[If you’re reading this in late April 2008, I’ve managed to post something on time for this month’s Carnival of Journalism, hosted by Yoni Greenbaum this time around.]
Lately, when failing revenues and/or an ill-fated JOA results in a newspaper closing up shop, there’s talk of “what if” they continued publishing online, but I have yet to see anyone actually pull it off.
And this is where the update will go when twelve of you tell me about papers that have shut down in print but stayed online.

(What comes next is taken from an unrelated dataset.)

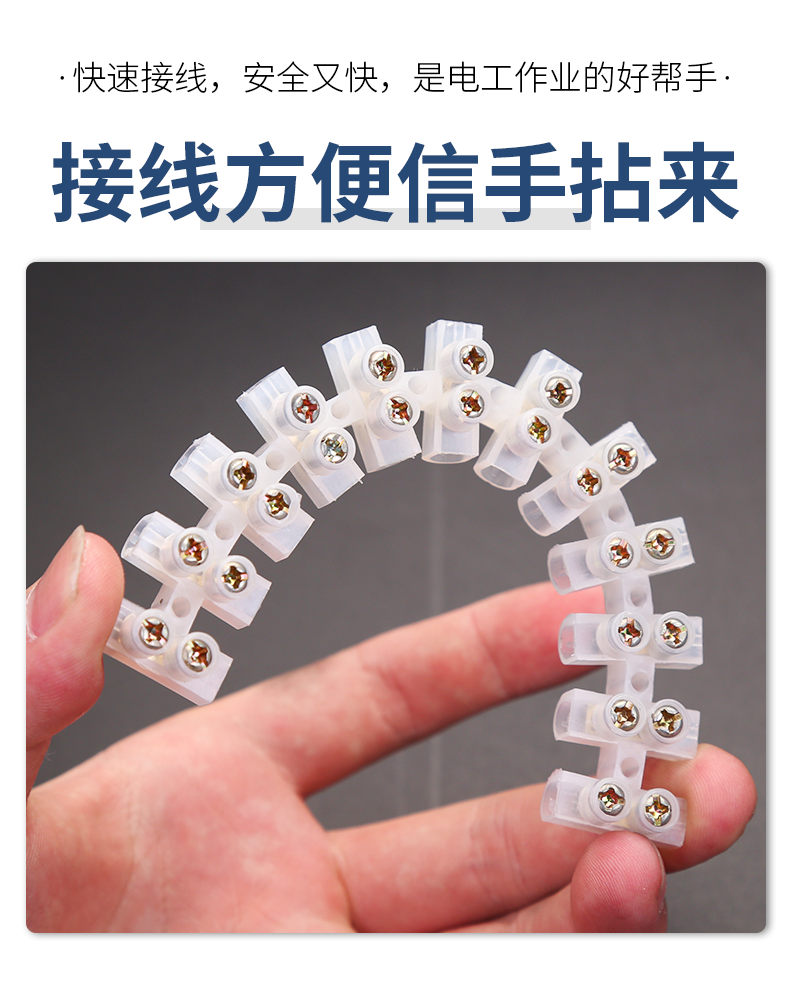 快速接线端子接线器按压式电线接头并线柱对接夹子接线帽电线卡子 5a
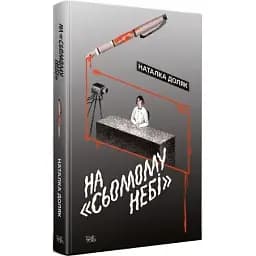 Книга На "Сьомому небі". Нові 20-ті - Наталка Доляк (Темпора)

I’ve definitely seen signs of papers that have switched from daily to weekly and boosted their online presence, but what I’m after are examples of papers that have totally folded, but rebuilt themselves as an online-only news source in town.
Once you get past the ugly preliminary steps (think: layoffs, dismantling the press, moving into a far smaller space), the fun part (yes, yes, perfectly aware of how flip I’m being about the ugly part) starts:
What tools do you hand a few reporters and photographers (and readers) to start from scratch?
My short list:
- Drupal, for built-in community, commenting, reader blogs, and profiles, plus integration with third-party services like Flickr, Twitter, YouTube, and news aggregation.
- Nokia N95 or similar phones for live video via Qik, live text coverage of local events, and calling in audio reports. Lots of this should flow live to the site, unedited.
- Laptops with wireless cards to file stories from anywhere, anytime.
Also, a good pair of walking shoes, because your reporters are going to be out in the community all day long, walking their beat and getting to know the locals. This is not a job you can do from behind a desk. If you didn’t leave the newsroom today, think about talking to a source in person tomorrow.
What’s on your short list of must-haves for reporters starting a local news site from scratch?